INFORMATION SUPPLIED Block Start
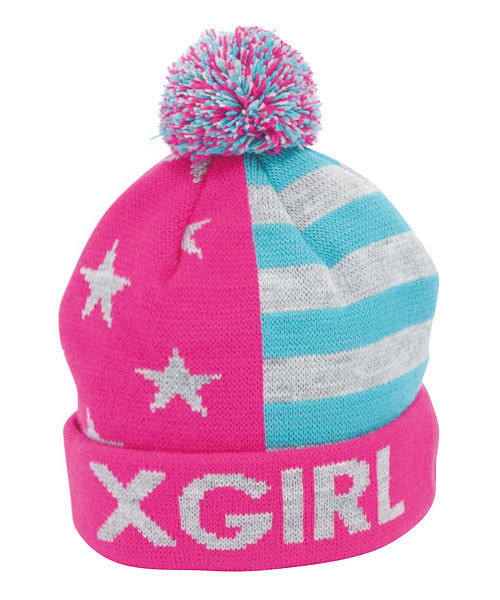 X-girl Stages(エックスガールステージス)の「“OLD GLORY” KNIT CAP(ニットキャップ/ビーニー・キッズ・ネイビー/ピンク・ONE SIZE)」の2枚目の写真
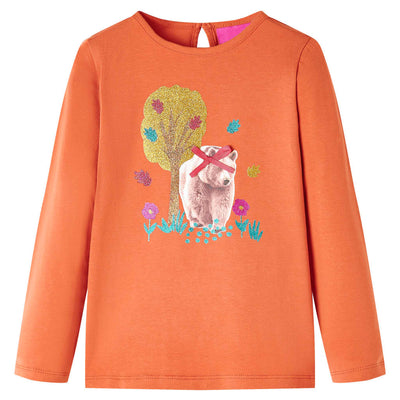 Camisa infantil de Vidaxl con mangas largas 92 Oranjebruin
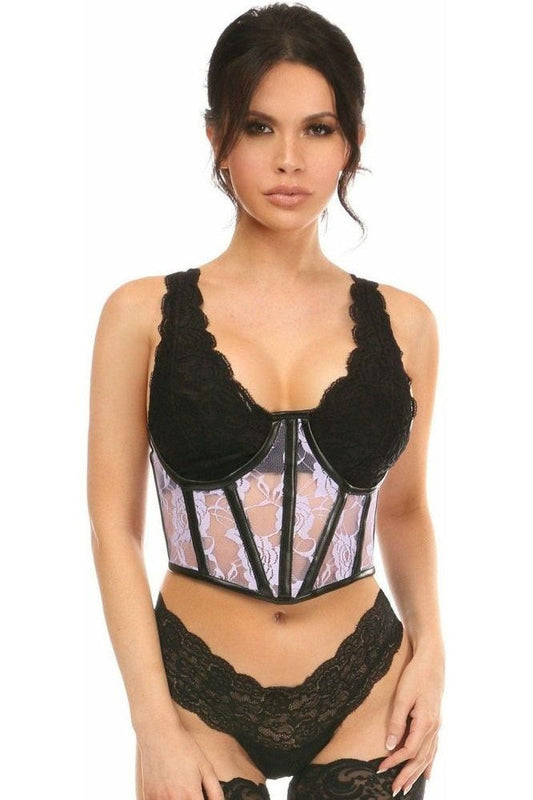 Lavish Sheer Lavender Lace & Faux Leather Open Cup Waist Cincher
INFORMATION SUPPLIED Block End
TASK BRIEF:
The data above should be returned in full, exactly as written, apart from its images.

WRITTEN REPLY:
 X-girl Stages(エックスガールステージス)の「“OLD GLORY” KNIT CAP(ニットキャップ/ビーニー・キッズ・ネイビー/ピンク・ONE SIZE)」の2枚目の写真
 Camisa infantil de Vidaxl con mangas largas 92 Oranjebruin
 Lavish Sheer Lavender Lace & Faux Leather Open Cup Waist Cincher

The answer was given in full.